One of the most popular Christmas starters is smoked salmon, and a dry white with a good dollop of acidity to off-set the oiliness is a good choice. Bone-dry Chablis (SHA-blee) would be excellent though rather pricey, while Sauvignon Blanc (SOH-vihn-yohn BLAHN) is a more affordable option. If you want to match the oily texture, try a Gewürztraminer (guh-VURTS-trah-mee-ner) from Alsace. For ham-based starters, a dry Alsatian or German Riesling (REEZ-ling) will go well. But quite honestly, any dry white wine will work with these dishes, provided it’s not too assertive and not loaded with fruit.



Turkey of course is the usual centerpiece for Christmas meal, surrounded with herby stuffing, rich gravy, potatoes and vegetables, sausages and savory side-dishes. If you want to keep everyone happy, have white and a red available. But remember that turkey is a white meat with low fat content and best suited to a dry, full-bodied white or a light-bodied red with low tannin. Assertive and tannic red wines would overpower the delicate flavour so forget them. Chablis works well with turkey but it’s expensive and some people find the cheaper ones a bit acidic. While Alsatian Gewürztraminer is a good option but a full-bodied oaky Chardonnay would be a really safe choice. My personal preference would be a full, dry white Chardonnay from Burgundy like a Mâcon. Cheaper options include Pinot Gris (PEE-noh GREE) or the Italian version, Pinot Grigio (PEE-noh GREE-joh) but sometimes they feel a bit thin on the palate.

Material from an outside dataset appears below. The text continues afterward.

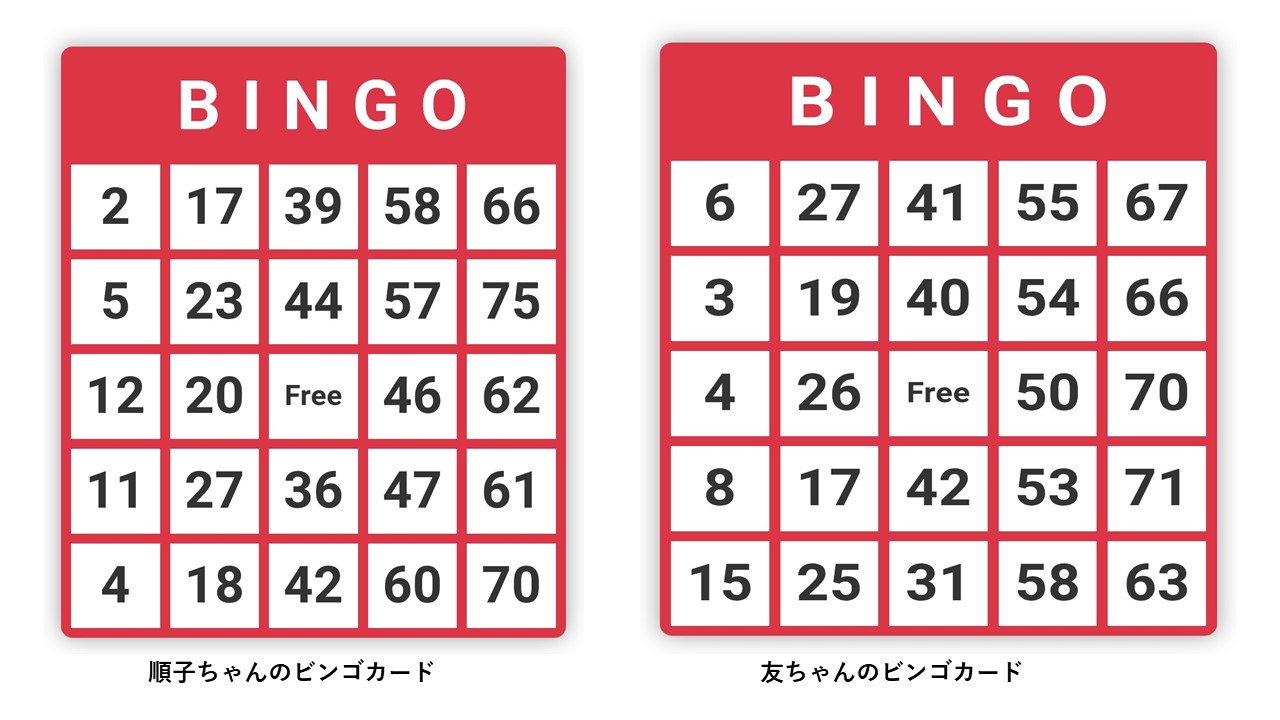 ビンゴカードその１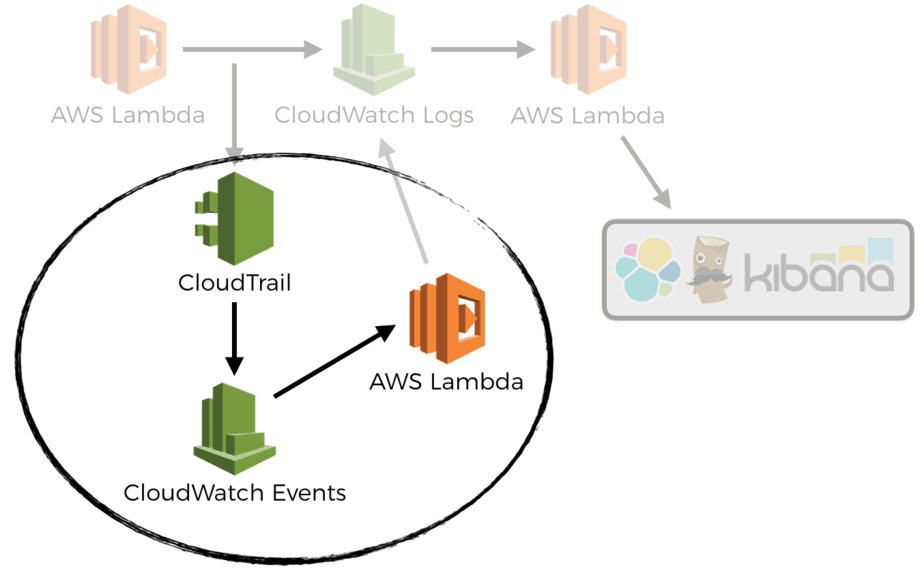 Auto Create Cloudwatch Alarms For Apis With Lambda Theburningmonk Com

As to the red options, I would avoid Cabernet Sauvignon and Merlot entirely and instead look for a light Pinot Noir (PEE-noh NWAH) from Burgundy or New Zealand. The fruity, earthy qualities and low tannin would go well with turkey. If you can afford it, go for one of the better commercial brands such as Jadot, Duboeuf and Bouchard. Beaujolais (boh-zhuh-LAY), the light, fruity and fresh red wine made from the Gamay grape would also work well with turkey and should be served slightly chilled. The wine I mean, not the turkey.

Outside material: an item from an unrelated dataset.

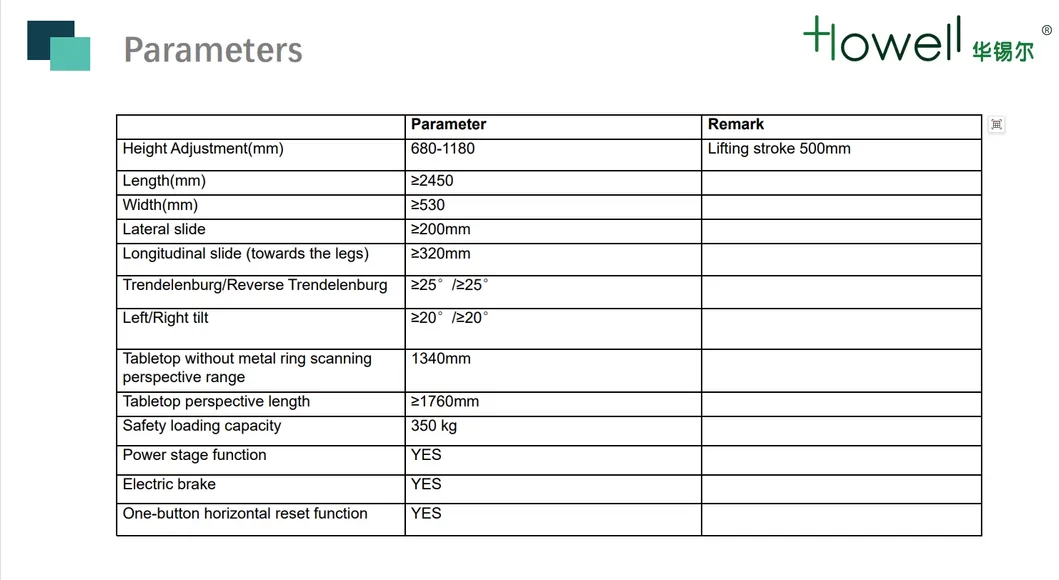 ERCP and Imaging Operating Table Main View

Right, we’ve done the main course. Now what – cheese or dessert? The French usually serve the cheese first but the Brits do it the other way around, although in our cholesterol-conscious times it might be considered a bit excessive to have both. Dessert wines make a delightful end to a special meal. The classic French dessert wine, Sauternes (soh-TERN) is sometimes available here and the cheapest retails at around Bt 1,300. At a lower price tag, there are some good Moscato wines on the market especially from Australia. A decent Moscato (moss-KAH-toh) retails from about Bt 650 upwards and it makes a good partner for fruit pies, fruit desserts or even blue cheeses. Tawny Port also makes a traditional but more expensive partner for Christmas pudding and mince pies.

Contrary to popular belief, few red wines work well with cheese, partly because the tannins clash not only with cheese but also with the inevitable salty cheese biscuits. It’s impossible to find a single wine – red or white – that will go with everything on the cheeseboard. The issue is so complex that there are several books and wine and cheese pairing – I have a couple of them myself. Generally, I prefer dry whites such as Sauvignon Blanc with soft cheeses such as goat cheese, Brie and Camembert or even with Swiss cheeses like Emmenthal and Gruyère. Some writers recommend Cabernet Sauvignon with Cheddar cheese, but I am not convinced. Strong-smelling cheeses often work best with sweeter wines, which is why Aged Port and Blue Stilton are a classic combination. But quite honestly, by this late stage of the meal most people will be content to finish up any wine left over from the main course. You really can have too much of a good thing. Whatever you do, be sure to enjoy your Christmas bash if you have one. Good food, good wine and good company is always an excellent combination.

And me? Oh, thank you for asking. My Christmas dinner will be served at about 8.30pm and it will probably be limited to a small but tastefully-arranged salad. We professional pole-dancers have to keep in shape, you know.